LIGHT IS the stuff of life. Without it, as Lord Byron describes in his poem “Darkness,” “men [forget] their passions in the dread.” Indeed.
Daylight saving time ends November 3. Once the reality of rising and eating dinner in the dark sets in, you may fall back with the clocks: right into a funk. Seasonal affective disorder, or SAD—social withdrawal, feeling hopeless, sluggishness, carb cravings, and oversleeping—affects millions, most in the northern half of the country. The dearth of daylight is primarily to blame, but the corresponding decrease in vitamin D also plays a part.
It’s been shown that a 15–20 minute walk each day can boost mood. And sun exposure is the natural way to increase vitamin D levels. But with Indy winters so short on walkable days, that’s cold comfort.
The National Institute of Mental Health reports that light therapy can help. In fact, Purdue University has set up a light therapy space for students, where they sit near a light box that mimics sunlight at 10,000 lux. Purdue suggests starting at 10–15 minutes, ideally in the morning, and working up to longer sessions if needed.

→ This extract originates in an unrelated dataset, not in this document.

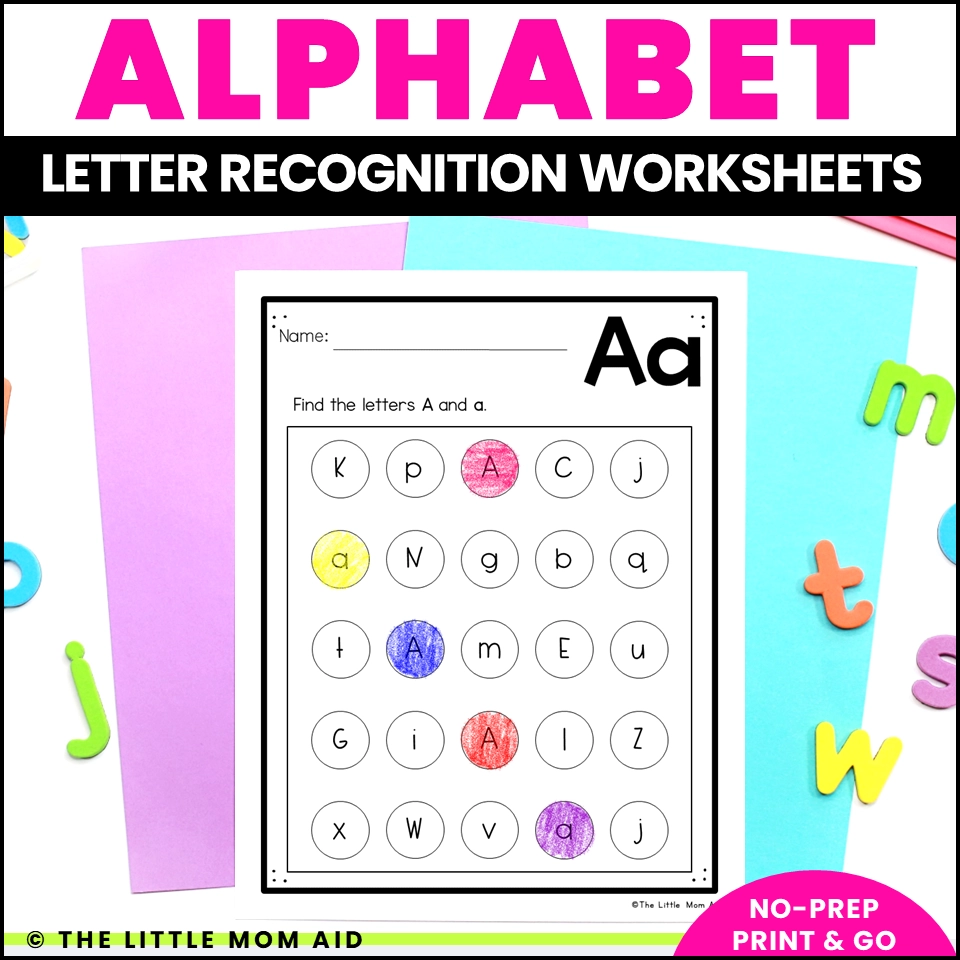 Letter Recognition Worksheets Letter Find Letter Identification The Little Mom Aid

Light therapy boxes are sold without a prescription, but can SAD really be treated that easily? “Not necessarily,” says Vanessa Enos, a licensed medical health counselor at Community Fairbanks Behavioral Health. “SAD is actually depression with a seasonal pattern.” And depression can result from factors not easily identified.
If you’ve had the winter blues for two or more consecutive years, Enos strongly suggests talking to a mental health care provider to assess your condition and develop a comprehensive treatment program, which light therapy may be part of, along with talk therapy or medication. Activities that bring you joy are key, says Enos. Most of all, she urges, take your feelings seriously. “Don’t suffer alone! Ask for help.”